I've been in my home for a year and knew that the dryer outlet was a 3 prong receptable and assumed it was fine as the house was built prior to the requirement for 4 prongs.
Today I took delivery of a new dryer and when I was assisting in removing the old dryer I noticed that the receptacle is actually a 50A range receptacle and not a 3 prong dryer.
I went over to the fuse box and the installed fuse is 40A.
Did my home inspector mess up or am I missing something?
What is the proper way to correct this? My electrical experience is limited to installing GFCI's and light fixtures.
For some strange reason, I have been going on a lot of service calls caused via Home inspection sheets, the best part is the stuff they miss, vs the items they find non code compliment... it really makes me wonder.
You should install the proper 30 amp dryer receptacle. If there is a ground wire present then install a four prong receptacle.
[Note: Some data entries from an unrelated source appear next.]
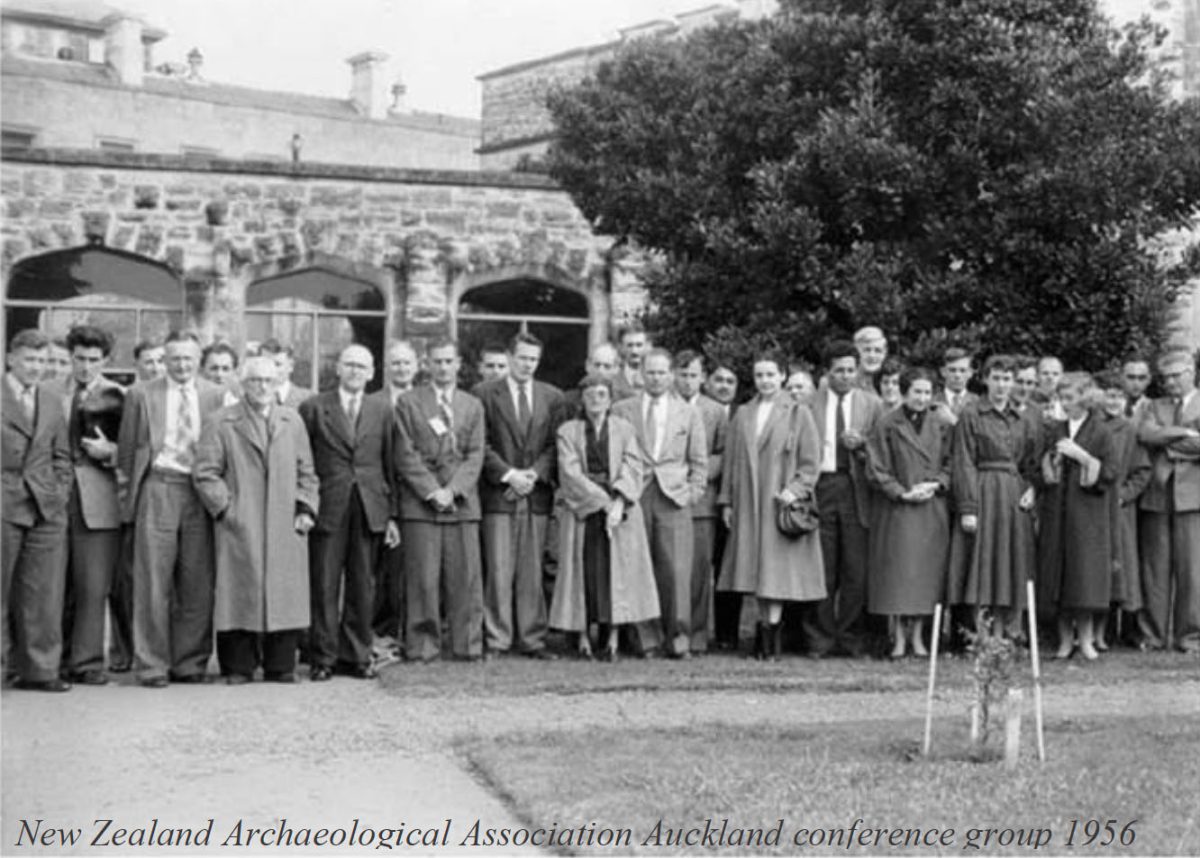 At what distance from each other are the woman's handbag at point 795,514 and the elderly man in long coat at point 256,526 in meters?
3.06

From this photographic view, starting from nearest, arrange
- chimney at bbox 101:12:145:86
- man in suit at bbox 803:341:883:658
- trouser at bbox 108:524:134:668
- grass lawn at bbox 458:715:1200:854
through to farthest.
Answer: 1. grass lawn at bbox 458:715:1200:854
2. trouser at bbox 108:524:134:668
3. man in suit at bbox 803:341:883:658
4. chimney at bbox 101:12:145:86

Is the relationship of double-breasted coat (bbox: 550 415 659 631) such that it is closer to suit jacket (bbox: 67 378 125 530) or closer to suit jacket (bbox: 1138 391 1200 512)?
suit jacket (bbox: 67 378 125 530)

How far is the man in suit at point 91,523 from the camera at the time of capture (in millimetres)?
10320

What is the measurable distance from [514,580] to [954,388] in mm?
3281

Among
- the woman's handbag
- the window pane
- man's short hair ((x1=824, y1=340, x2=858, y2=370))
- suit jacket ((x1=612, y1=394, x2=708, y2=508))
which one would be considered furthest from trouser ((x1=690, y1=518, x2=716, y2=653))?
the window pane

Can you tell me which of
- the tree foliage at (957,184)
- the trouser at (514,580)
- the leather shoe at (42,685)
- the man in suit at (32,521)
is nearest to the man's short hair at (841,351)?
the tree foliage at (957,184)

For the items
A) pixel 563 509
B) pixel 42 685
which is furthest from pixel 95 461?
pixel 563 509

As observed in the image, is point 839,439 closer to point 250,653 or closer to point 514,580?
point 514,580

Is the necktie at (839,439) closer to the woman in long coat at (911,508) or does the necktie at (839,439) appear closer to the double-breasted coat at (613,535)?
the woman in long coat at (911,508)

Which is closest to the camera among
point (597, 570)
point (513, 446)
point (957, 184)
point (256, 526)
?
point (256, 526)

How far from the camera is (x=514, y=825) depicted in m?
6.59

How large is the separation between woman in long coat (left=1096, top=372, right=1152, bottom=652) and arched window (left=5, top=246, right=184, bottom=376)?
40.7 ft

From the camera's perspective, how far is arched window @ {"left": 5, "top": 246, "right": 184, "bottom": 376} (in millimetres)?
20547

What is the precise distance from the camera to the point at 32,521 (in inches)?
395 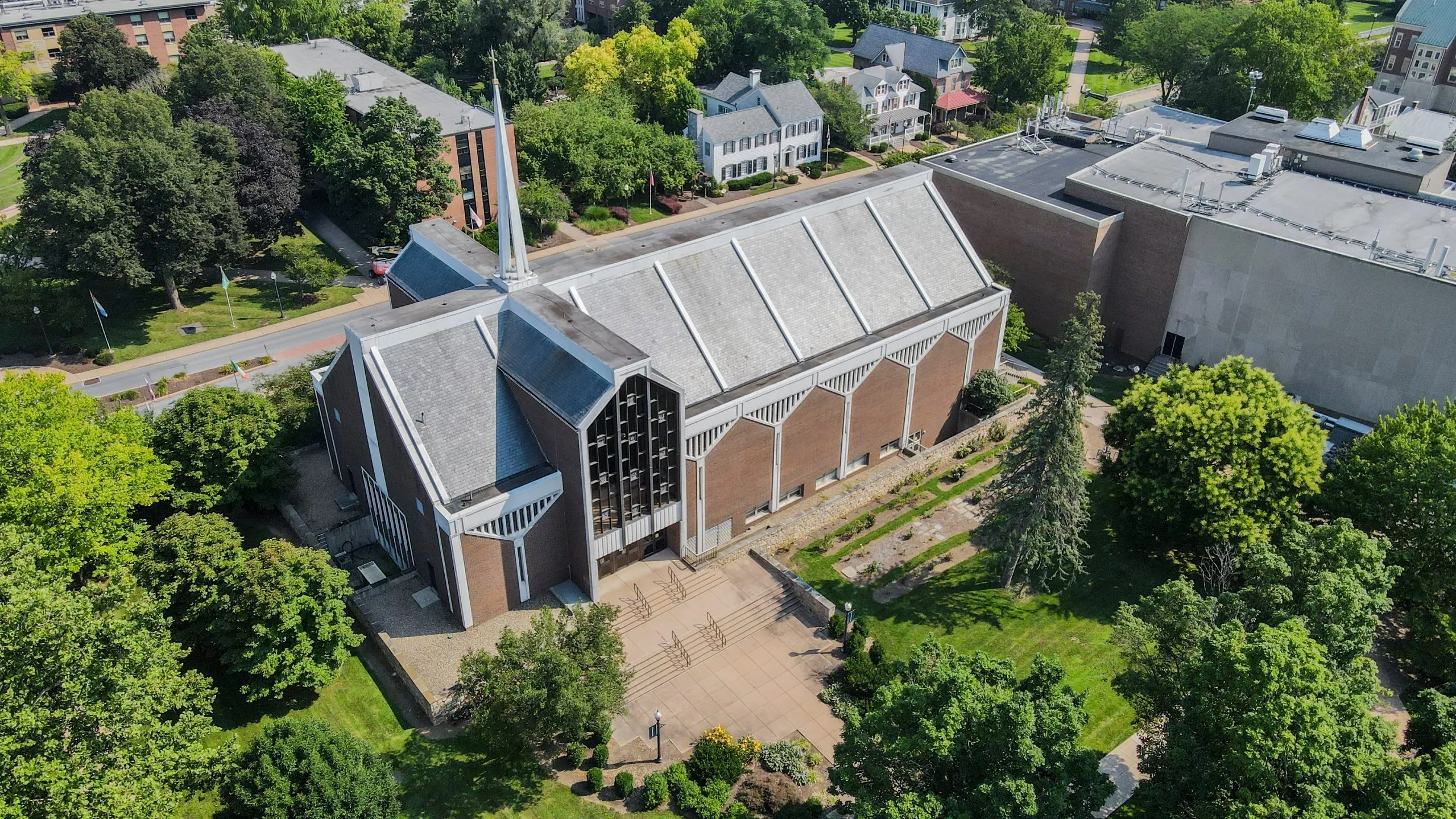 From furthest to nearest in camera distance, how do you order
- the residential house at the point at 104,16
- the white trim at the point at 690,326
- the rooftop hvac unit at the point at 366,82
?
1. the residential house at the point at 104,16
2. the rooftop hvac unit at the point at 366,82
3. the white trim at the point at 690,326

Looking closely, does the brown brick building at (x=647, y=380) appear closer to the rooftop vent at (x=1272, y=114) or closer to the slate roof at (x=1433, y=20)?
the rooftop vent at (x=1272, y=114)

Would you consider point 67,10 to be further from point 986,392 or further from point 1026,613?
point 1026,613

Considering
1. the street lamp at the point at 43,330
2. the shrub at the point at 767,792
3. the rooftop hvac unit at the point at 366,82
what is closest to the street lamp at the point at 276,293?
the street lamp at the point at 43,330

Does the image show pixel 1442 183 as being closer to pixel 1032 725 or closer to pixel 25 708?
pixel 1032 725

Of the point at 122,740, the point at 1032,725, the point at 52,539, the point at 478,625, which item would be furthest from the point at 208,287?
the point at 1032,725

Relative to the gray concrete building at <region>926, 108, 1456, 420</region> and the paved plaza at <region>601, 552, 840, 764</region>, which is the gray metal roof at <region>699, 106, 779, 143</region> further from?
the paved plaza at <region>601, 552, 840, 764</region>

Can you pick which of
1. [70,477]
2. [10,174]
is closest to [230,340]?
[70,477] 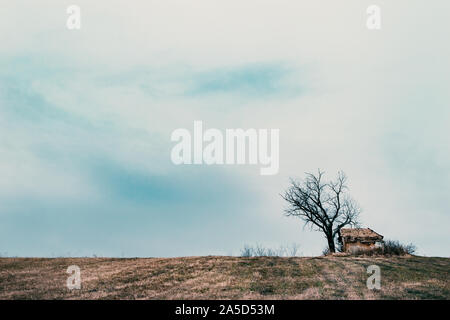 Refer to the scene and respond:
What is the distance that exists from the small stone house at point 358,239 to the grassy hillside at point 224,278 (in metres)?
16.3

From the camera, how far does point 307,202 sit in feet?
145

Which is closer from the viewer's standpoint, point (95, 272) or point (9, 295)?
point (9, 295)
Change the fuses to 30 amps.
By 'fuse', do you mean an actual fuse that's about 3/4" in diameter and about 3" long and has brass ends, or is it a circuit breaker; a sort of switch that, in this case, is 2 switches tied together, and has 40 marked on it?
Yeah half the things they find are non-issues. The stuff they miss is the real laugh. You can make some good customers by telling them the flagged problems aren't problems at all and there's no need to fix them. Save a few bucks for them and they'll love you for life.
Double tapped breakers and two or three grounds under one screw are the most common laughs I see.